Periodista Digital, which contains a mixture of original news and
stories compiled from other news outlets, used to e-mail bulletins
with links to many of the major confidenciales. But after Alfonso Rojo
became editor in chief recently, the links were eliminated. Mr. Rojo,
a former war correspondent for El Mundo, said that with a planned
expansion, Periodista Digital no longer wanted "to be in the same
boat with them."
The confidenciales are a twist on a form of Spanish communication
that dates to the last years of Franco's rule and the transition to
democracy in the 1980's, said Mara Sánchez González, who is
preparing a doctoral thesis on the phenomenon.

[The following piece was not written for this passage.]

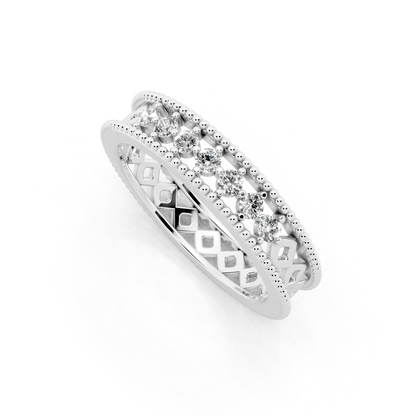 White Gold Navette Diamond Band Ring - Beaded Openwork Everyday Luxury Style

The confidential bulletins usually offered information about politics
or business to an "exclusive number of paid subscribers that paid a
high price for access to information that wasn't available in other
types of media," she said. But Web sites give the confidenciales
more power and influence because they can be distributed free and
quickly to a broader group of people.
El Confidencial, one of about a dozen such sites, has explored the
finances of Jesus Polanco, the chairman of Grupo Prisa, which owns
El País, the Madrid daily. El Confidencial also has referred to
investments made by the media group's chief executive, Juan Luis
Cebrian, a former editor of El País.
Mr. Cebrian has been openly disdainful of confidenciales, criticizing
their reliance on anonymous rumors and demanding new measures
to encourage the digital press to be as "respectable, trustworthy,
credible and rigorous as the print press." El Mundo, another Madrid
daily, then followed with an editorial, calling some confidenciales a
form of trash, "cyberbasura."
After those attacks, the digital publications questioned Mr. Cebrian's
motives, arguing that he feared competition, but some conceded
that there was room for improvement on ethics.